Erst beim tatsächlichen Abfassen und Niederschreiben ist bei ihr ein „Bewusstwerdungsprozess“ in Gang gesetzt worden, der „mir die Verbindung von während der Ausbildung theoretisch Gelerntem zu meinem persönlichen Erleben deutlich werden ließ und dadurch zu einer Vertiefung meines Lernens geführt hat“. Dadurch habe sie auch eine „Grund-Gelassenheit als guter Ausgangsbasis für eine zukünftige Tätigkeit als Qigong-Kursleiterin gewonnen“.

Gerade für die Reflektion und nochmalige Auseinandersetzung mit der eigenen persönlichen Entwicklung während der fast dreijährigen Ausbildungszeit war die Abschlussarbeit absolut wertvoll, meint Gerti G. „Es war eine tiefgehende ‚Seelenarbeit‘, die mich an manchen Stellen sehr stark bewegte, sowohl freudvoll als auch traurig stimmte.
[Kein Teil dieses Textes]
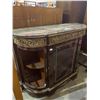 Image 2 : FRENCH MARBLE TOP CABINET MISSING GLASS ON ONE SIDE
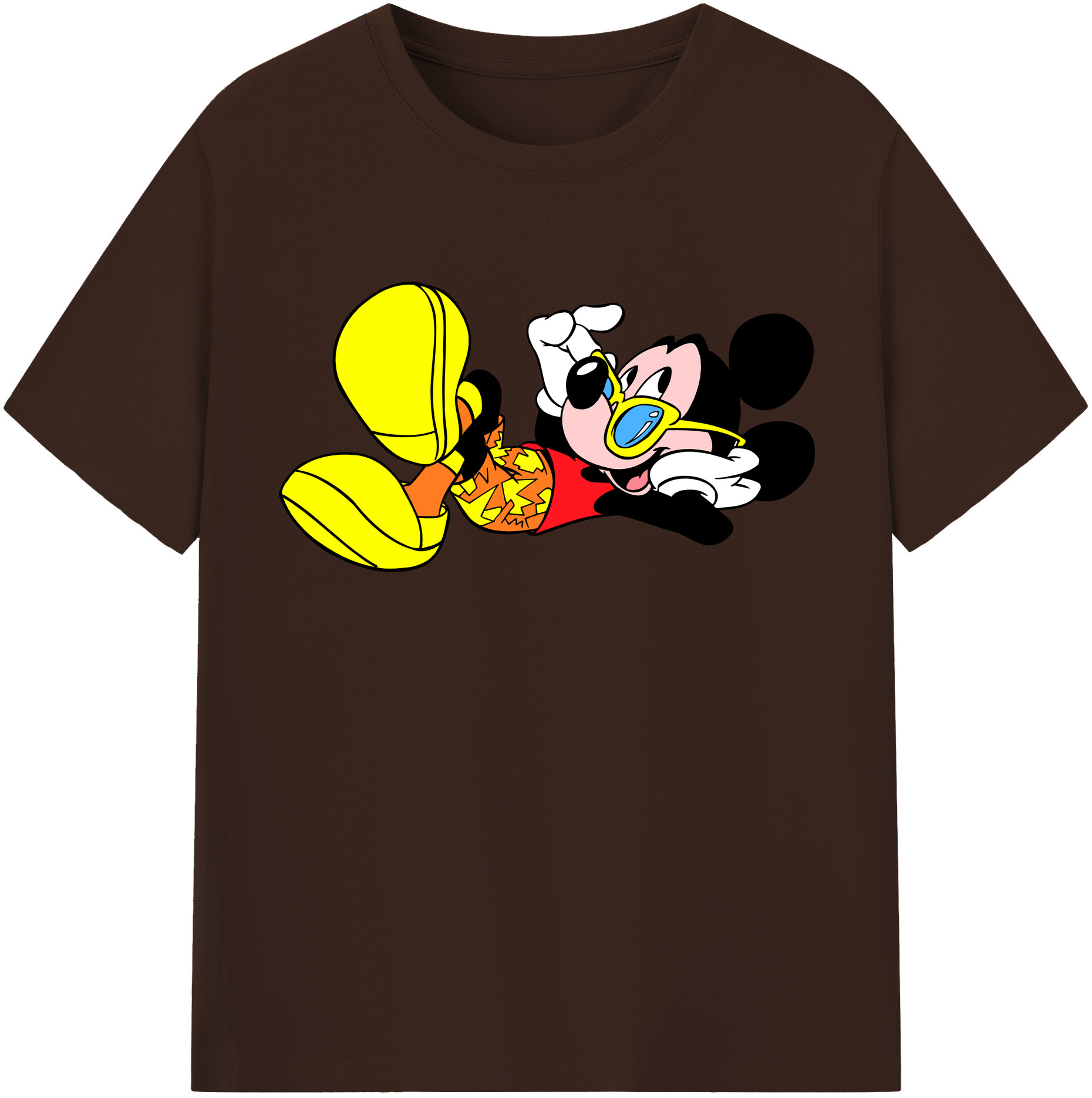 （画像用） ミッキーマウス Mickey Mouse 綿100％半袖Tシャツ（フロントプリント）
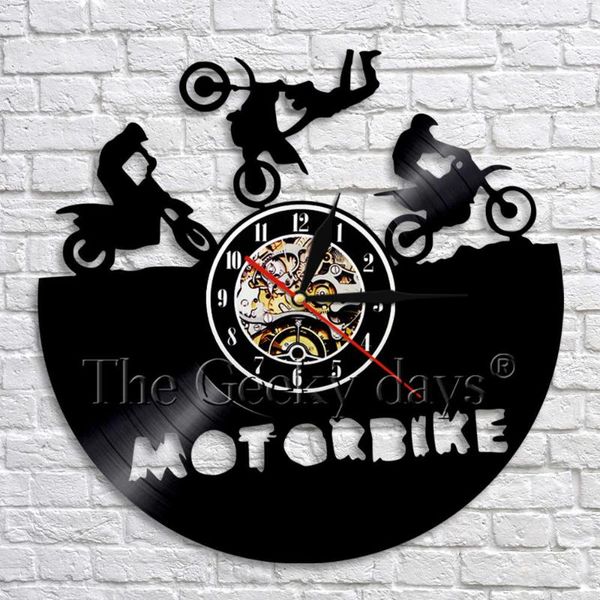 

wall clocks 1piece motorbike record clock bike art 3d motorcycle watches decor unique gift idea for men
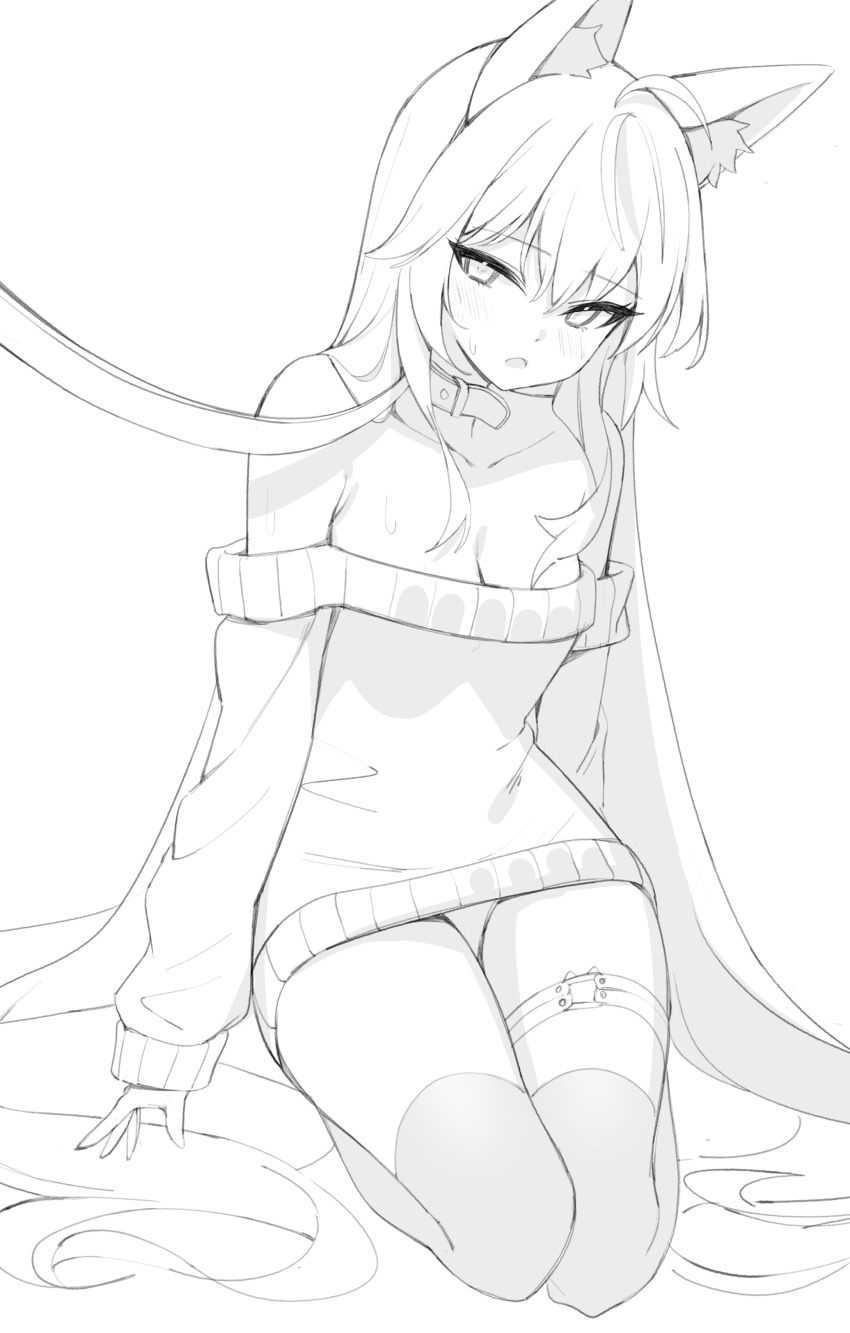 1girl absurdres ahoge animal_ears bare_shoulders breasts cleavage collar collarbone commentary_request commission dress fox_ears highres korean_commentary leash long_hair long_sleeves looking_at_viewer medium_breasts monochrome nogong off-shoulder_sweater off_shoulder open_mouth original panties pantyshot sketch solo sweat sweater sweater_dress thigh_strap thighhighs thighs underwear very_long_hair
Und dabei stieß ich gefühlt ‚nebenbei‘ auf grundlegende Qigong-Prinzipien, wie etwa die Einheit von Körper, Geist und Seele oder wie wichtig die richtige Haltung beim Qigong-Üben ist. Auf diese Weise vertieften sich die während der Ausbildung gewonnenen Kenntnisse.“

Auch für Birgit R. wurden beim Erstellen der Abschlussarbeit viele theoretischen Inhalte klarer. Ihre Wahrnehmung bezüglich „Menschen, Tiere, Pflanzen und des Kosmos“ hat sich verändert und vertieft. Damit könne man „etwas Kostbares und Bleibendes für sich selbst“ gewinnen, sagt sie.

Die eigene persönliche Betroffenheit – ein schwerer Fahrradunfall – war für Harald P. entscheidender Faktor für die Motivation, „die Erstellung der Arbeit zu nutzen, um das bislang in der Ausbildung Erlebte und Erlernte in einer plötzlichen herausfordernden Lebenssituation umzusetzen“. Auf diese Weise kam es bei ihm zu dem Thema: „Qigong mit Handicap – Was tun, wenn ein Oberarm nicht mehr bewegt werden kann?“ Das Erstellen der Abschlussarbeit wirkt bei ihm lange nach und „wird dies weiter tun“, schreibt er. Abschließend stellt er die Frage in den Raum, ob der Begriff „Abschlussarbeit“ beim Erlernen und Ausüben von Qigong überhaupt korrekt ist: „Ist es nicht eher Teil eines ‚Einstiegs‘ in ‚Qigong geht immer‘“, fragt Harald. Sind das nicht wichtige Hinweise für die Ausbildenden und hoffnungsvolle Tipps für alle Lernenden?